Exercise material —
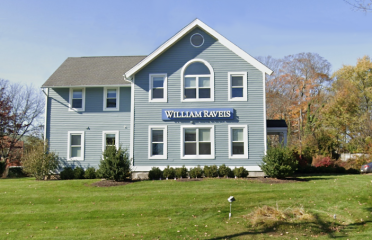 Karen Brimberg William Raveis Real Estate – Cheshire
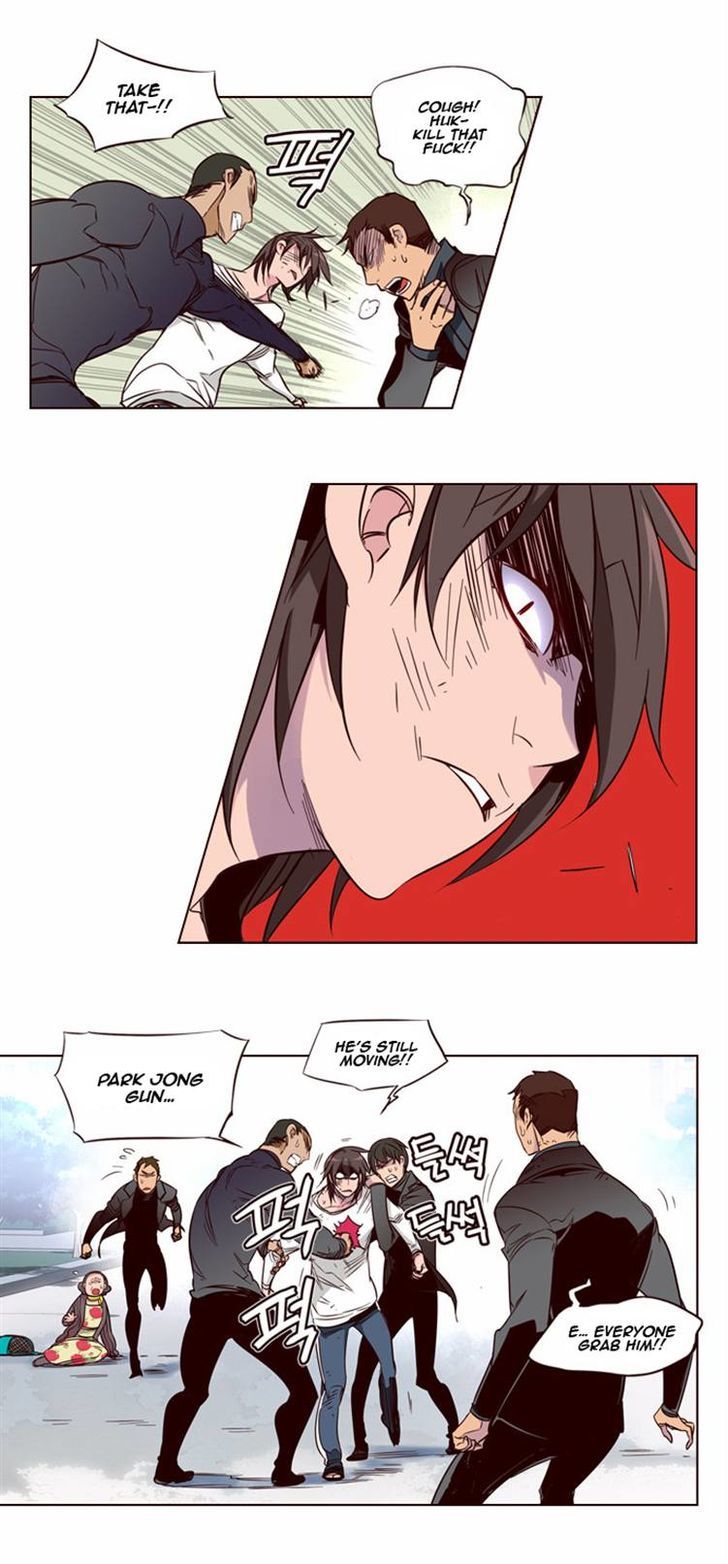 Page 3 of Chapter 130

--

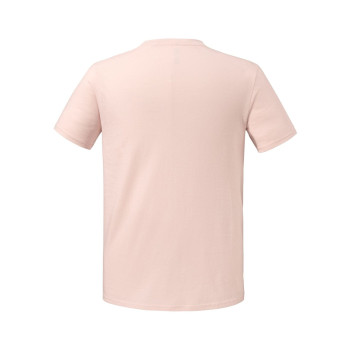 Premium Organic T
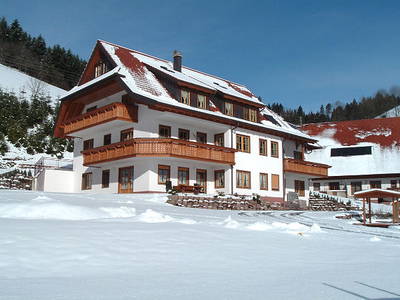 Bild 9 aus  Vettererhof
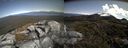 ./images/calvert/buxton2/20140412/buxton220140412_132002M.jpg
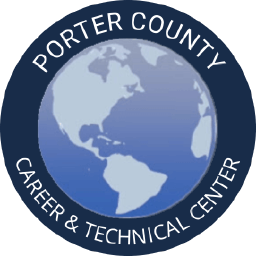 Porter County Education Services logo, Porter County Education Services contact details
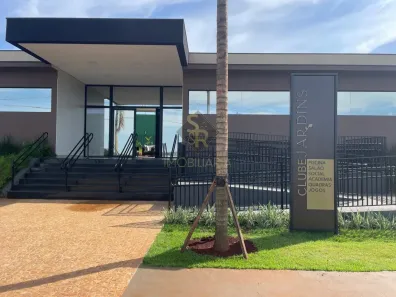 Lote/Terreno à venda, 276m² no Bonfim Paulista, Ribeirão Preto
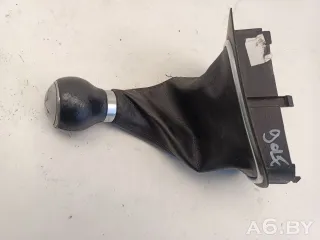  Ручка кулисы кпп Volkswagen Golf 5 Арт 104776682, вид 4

--

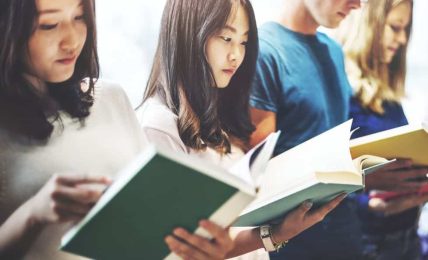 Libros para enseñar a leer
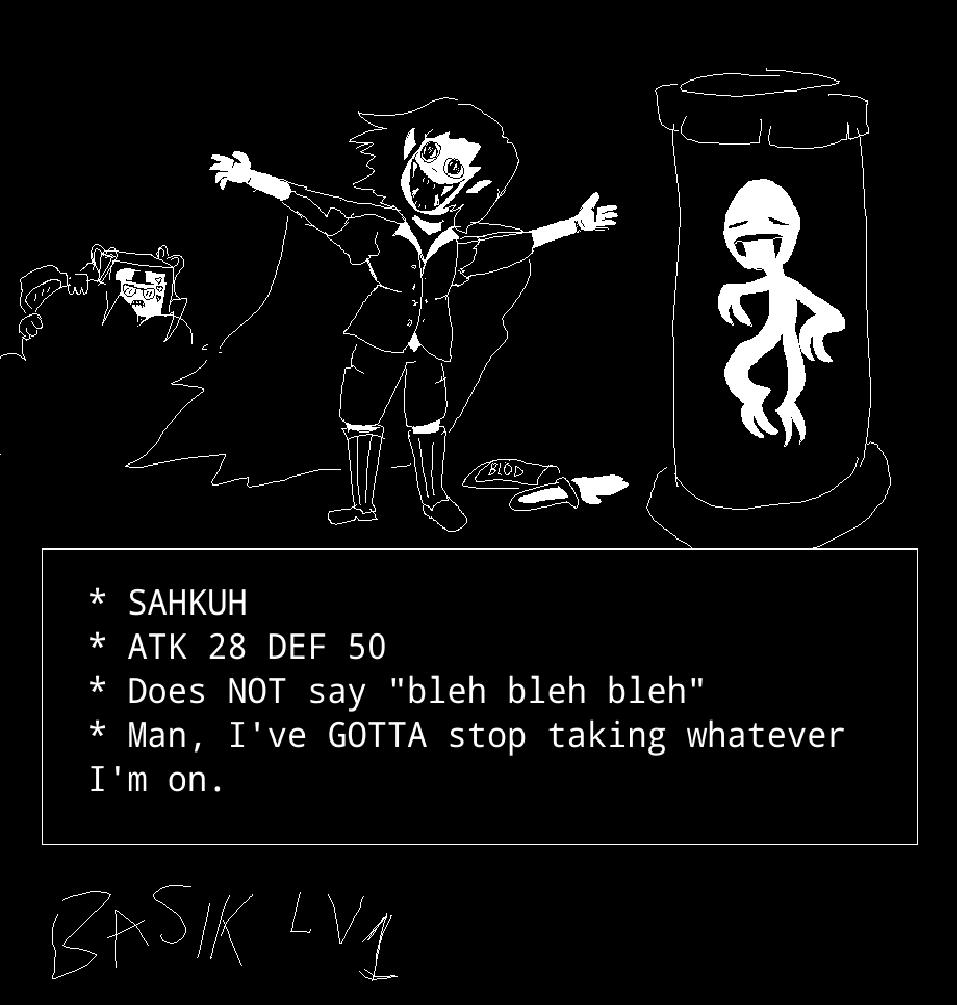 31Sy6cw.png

Exercise description — Starting at the line above that contains "Karen Brimberg William", transcribe every line exactly through the line that contains "Page 3 of Chapter 130", including that last one, and skip the pictures.

Reply —
 Karen Brimberg William Raveis Real Estate – Cheshire
 Page 3 of Chapter 130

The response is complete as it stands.